A brief brush with homelessness was enough for Valencia Gunder to know it wasn’t the life for her. After struggling through the financial recession of the mid 2000s, in 2009 she hit bottom and wound up living from place to place for three weeks.

That bit of reality made a huge impression on Gunder. Now she helps homeless people in Miami and Atlanta, making sure they have food, clothing, hygiene products and a shave at least once a month.
“Grandma always made sure we had a solid foundation,” said Gunder, who grew up in Liberty City and lived in Tallahassee for a few years after graduating from Florida A&M University.

“I wasn’t accustomed to living like that, moving from place to place. I told myself I would help people when I got on my feet.”

Gunder is the founder of Make the Homeless Smile, a nonprofit group that is making a statement in Miami. Since 2014, she has served an average of 225 people per feeding in two cities. That equates to about 15,000 meals, she said. At least once a month, every third Sunday, she and her family and friends go to a familiar corner where Overtown intersects with downtown Miami.

Gunder, a community organizer with the activist group New Florida Majority, got the idea one day while watching a video on Facebook of guys who would jump out of cars and help a homeless person. That was three years ago. She put the idea out to followers on social media, and headed to a spot near Camillus House. “I went out with a few sandwiches, water and fruit. About 25 volunteers showed up and we served 75 people,” she said. “I was only going to do it one time. After that, everyone said we want to do it again.”

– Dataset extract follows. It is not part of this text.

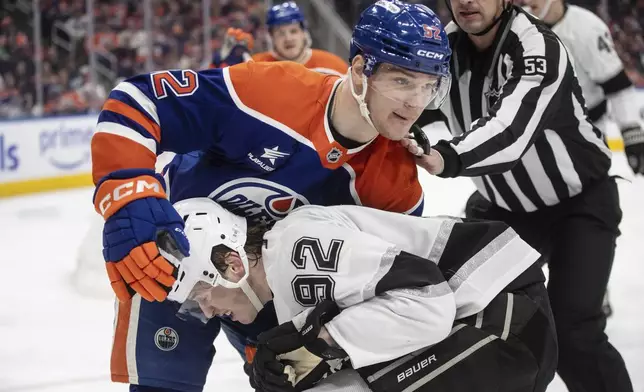 Los Angeles Kings' Brandt Clarke, bottom, and Edmonton Oilers' Vasily Podkolzin, left, fight during the second period of an NHL hockey game in Edmonton, Alberta, Monday, April 14, 2025. (Jason Franson/The Canadian Press via AP)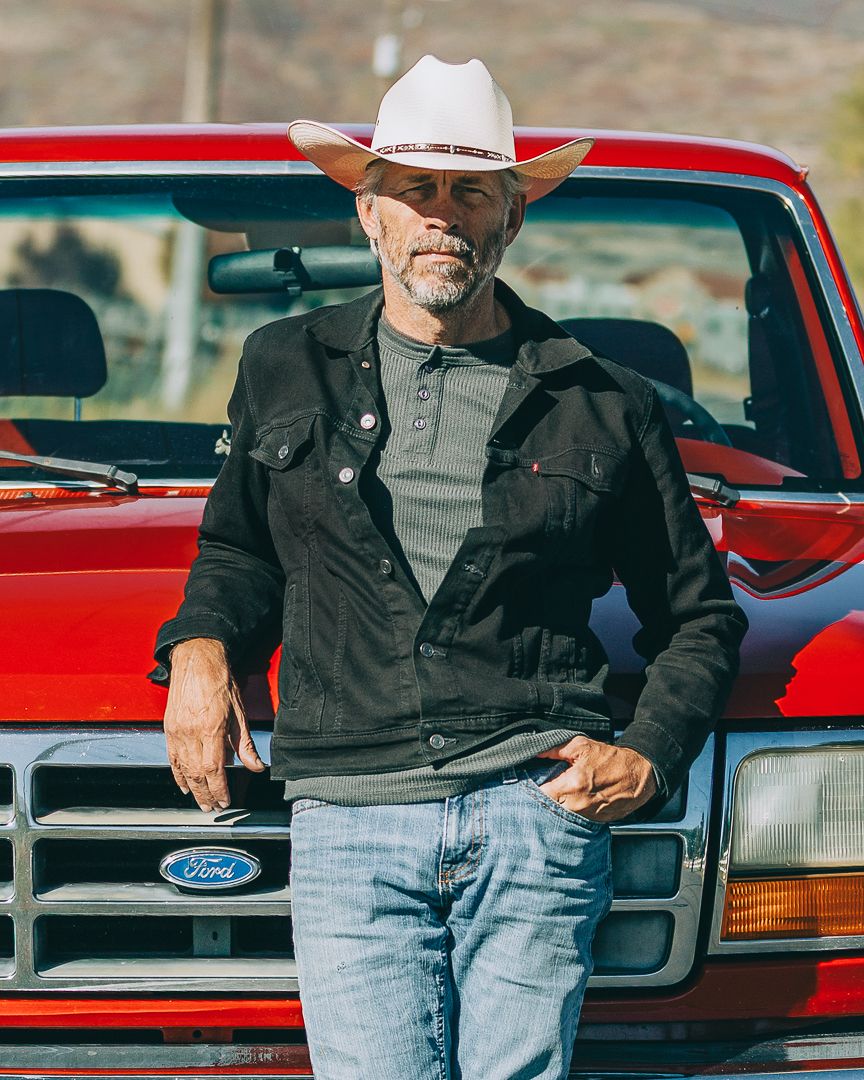 A red Ford pickup truck parked with someone in western attire leaning against the door in a rural setting.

Three years later, Gunder hasn’t missed a session. Her family and friends also help. “At first it was a few of my cousins and siblings,” she said. “My aunts thought I was crazy for doing it. But after a while one of them started assisting by buying things, or giving clothes and telling people about me. “
Her father also helped by buying tables and coolers, and also by providing the funds for the 501c3 nonprofit designation. Two years ago, FAMU classmates in Atlanta who were aware of Gunder’s work, encouraged her to expand there, which she did.

Now, her extended family of uncles and cousins all pitch in. Make the Homeless Smile offers hair cuts, grooming and personal hygiene products as well as food and beverages. Gunder said friends and family help with some expenses and she gets in-kind help from organizations such as the Eastern Stars and Masons. But she still bears a lot of the expenses. She said the feedings cost about $400 to $500 each. Once a month, at 10 a.m., the group comes to Northeast First Street and Sixth Avenue in Miami. They often are greeted by a line of men and women who know the rules. No shoving, no cutting the line. Service is provided first come, first served. And everyone must smile.

“They know our rules. They have to pay for the food with a smile,” Gunder said. “We’re making sure they’re gonna have a good day. Sometimes we have speakers out there. They get to dance and socialize. You may come sad but you’re going to leave happy.”